Secondly he hints that the state cannot assume more economic responsibility before we have fixed accountability – and thereby arrested corruption.
Thirdly he appeals for a sophistication of our views on the labour market – I think by suggesting that a degree of duality is crucial.
But, he warns:
I do not subscribe to the simplistic and questionable idea that the inability to hire and fire people is the core cause of structural unemployment. The balanced high growth would create demand for labour, regardless of labour rigidity.
Fourthly he asked us analysts why:
we casually, without considering the social implications, vilify workers and the working class, making them useful villains for complex economic challenges? We almost never give view to the body of evidence that shows that market rigidity and anticompetitive behaviour is a significant factor in deterring investment and output and that, in fact, it contributes to SA’s excessive business and skilled-labour rents.
Those are important views – and an important corrective to aspects of our debate about development.
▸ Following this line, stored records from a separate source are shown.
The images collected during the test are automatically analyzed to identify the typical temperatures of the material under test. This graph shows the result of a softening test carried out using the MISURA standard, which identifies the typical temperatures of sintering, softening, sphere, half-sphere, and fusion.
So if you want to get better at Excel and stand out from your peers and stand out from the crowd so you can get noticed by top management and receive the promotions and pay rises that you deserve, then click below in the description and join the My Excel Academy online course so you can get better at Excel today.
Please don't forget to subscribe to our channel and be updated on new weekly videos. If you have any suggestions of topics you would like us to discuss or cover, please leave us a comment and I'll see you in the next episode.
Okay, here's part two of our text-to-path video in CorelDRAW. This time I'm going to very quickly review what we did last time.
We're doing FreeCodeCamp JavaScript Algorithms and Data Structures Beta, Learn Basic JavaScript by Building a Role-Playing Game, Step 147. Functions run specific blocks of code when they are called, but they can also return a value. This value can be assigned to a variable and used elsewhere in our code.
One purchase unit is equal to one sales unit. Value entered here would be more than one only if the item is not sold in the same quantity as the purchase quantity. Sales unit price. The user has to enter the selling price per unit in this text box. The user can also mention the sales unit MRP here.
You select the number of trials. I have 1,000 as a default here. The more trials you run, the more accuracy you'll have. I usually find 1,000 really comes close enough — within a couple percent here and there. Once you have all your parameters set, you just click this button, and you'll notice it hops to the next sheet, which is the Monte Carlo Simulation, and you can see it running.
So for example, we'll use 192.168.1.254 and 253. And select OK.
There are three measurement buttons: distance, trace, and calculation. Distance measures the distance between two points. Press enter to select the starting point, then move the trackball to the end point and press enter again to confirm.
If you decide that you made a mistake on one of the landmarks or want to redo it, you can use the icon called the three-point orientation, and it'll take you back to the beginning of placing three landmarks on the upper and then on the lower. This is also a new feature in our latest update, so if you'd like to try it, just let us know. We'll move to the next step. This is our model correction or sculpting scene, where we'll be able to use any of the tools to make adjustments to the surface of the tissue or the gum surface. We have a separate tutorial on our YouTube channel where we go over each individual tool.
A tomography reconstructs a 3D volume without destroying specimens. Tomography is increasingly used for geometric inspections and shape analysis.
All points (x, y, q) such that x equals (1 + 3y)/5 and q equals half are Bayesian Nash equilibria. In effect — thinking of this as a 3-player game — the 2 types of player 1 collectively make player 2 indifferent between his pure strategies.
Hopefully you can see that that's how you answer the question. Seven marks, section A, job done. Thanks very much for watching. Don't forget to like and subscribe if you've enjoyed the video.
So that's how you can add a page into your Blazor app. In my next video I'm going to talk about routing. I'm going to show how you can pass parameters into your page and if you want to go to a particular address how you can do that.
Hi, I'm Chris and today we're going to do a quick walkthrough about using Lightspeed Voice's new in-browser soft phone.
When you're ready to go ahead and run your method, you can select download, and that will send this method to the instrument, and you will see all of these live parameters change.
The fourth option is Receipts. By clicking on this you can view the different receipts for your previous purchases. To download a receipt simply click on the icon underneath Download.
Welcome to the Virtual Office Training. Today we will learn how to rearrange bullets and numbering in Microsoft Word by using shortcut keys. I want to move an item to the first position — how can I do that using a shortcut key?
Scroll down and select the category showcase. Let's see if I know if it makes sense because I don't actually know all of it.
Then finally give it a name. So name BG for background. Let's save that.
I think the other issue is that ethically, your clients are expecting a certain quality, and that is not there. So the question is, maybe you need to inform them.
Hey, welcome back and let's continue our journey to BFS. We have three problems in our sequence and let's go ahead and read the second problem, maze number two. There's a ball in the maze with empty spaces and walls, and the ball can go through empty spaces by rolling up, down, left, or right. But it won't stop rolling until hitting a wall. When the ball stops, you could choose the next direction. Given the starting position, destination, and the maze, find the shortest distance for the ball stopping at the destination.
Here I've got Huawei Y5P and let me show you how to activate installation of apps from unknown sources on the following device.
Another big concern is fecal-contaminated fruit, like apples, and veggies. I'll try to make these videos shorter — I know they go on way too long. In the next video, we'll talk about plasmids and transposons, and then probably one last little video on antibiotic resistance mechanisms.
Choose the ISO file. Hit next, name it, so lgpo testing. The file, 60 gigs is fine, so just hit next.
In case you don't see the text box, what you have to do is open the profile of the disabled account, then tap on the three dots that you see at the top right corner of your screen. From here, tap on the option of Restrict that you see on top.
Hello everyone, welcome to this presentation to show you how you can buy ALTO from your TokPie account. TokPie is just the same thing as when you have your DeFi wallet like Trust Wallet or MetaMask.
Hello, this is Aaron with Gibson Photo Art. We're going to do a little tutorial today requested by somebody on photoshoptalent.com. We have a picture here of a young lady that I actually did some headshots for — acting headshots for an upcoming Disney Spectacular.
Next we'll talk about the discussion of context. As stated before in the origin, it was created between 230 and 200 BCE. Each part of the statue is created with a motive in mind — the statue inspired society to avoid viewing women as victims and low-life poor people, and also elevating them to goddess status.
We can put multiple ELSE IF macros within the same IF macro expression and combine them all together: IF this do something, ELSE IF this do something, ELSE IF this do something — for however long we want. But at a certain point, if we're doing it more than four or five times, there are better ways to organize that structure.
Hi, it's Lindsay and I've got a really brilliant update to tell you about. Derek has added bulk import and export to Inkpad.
You might have picked up from warm and welcoming statements by the Democratic Alliance and a flood of beaming news stories that our Minister of Finance Pravin Gordhan said something slightly more exciting about economic policy than the bland pap from the policy kitchen of the increasingly awkward compromise which is the Ruling Alliance.
But before anyone gets too excited we should look at exactly what he said.
First up, in the main body of his speech to the 14th annual conference of the Board of the Institute of Internal Auditors – a body I suspect has hitherto not been allowed to bask at the centre of an important breaking news story – he suggested as part of his list of things that need to be done to “energetically reposition, restructure and reform our economy” :
Lower the cost of young, inexperienced low-skilled workers for firms to stimulate the demand for labour
That is from the paper as published on the the Treasury’s website – catch that here – it is well worth a read.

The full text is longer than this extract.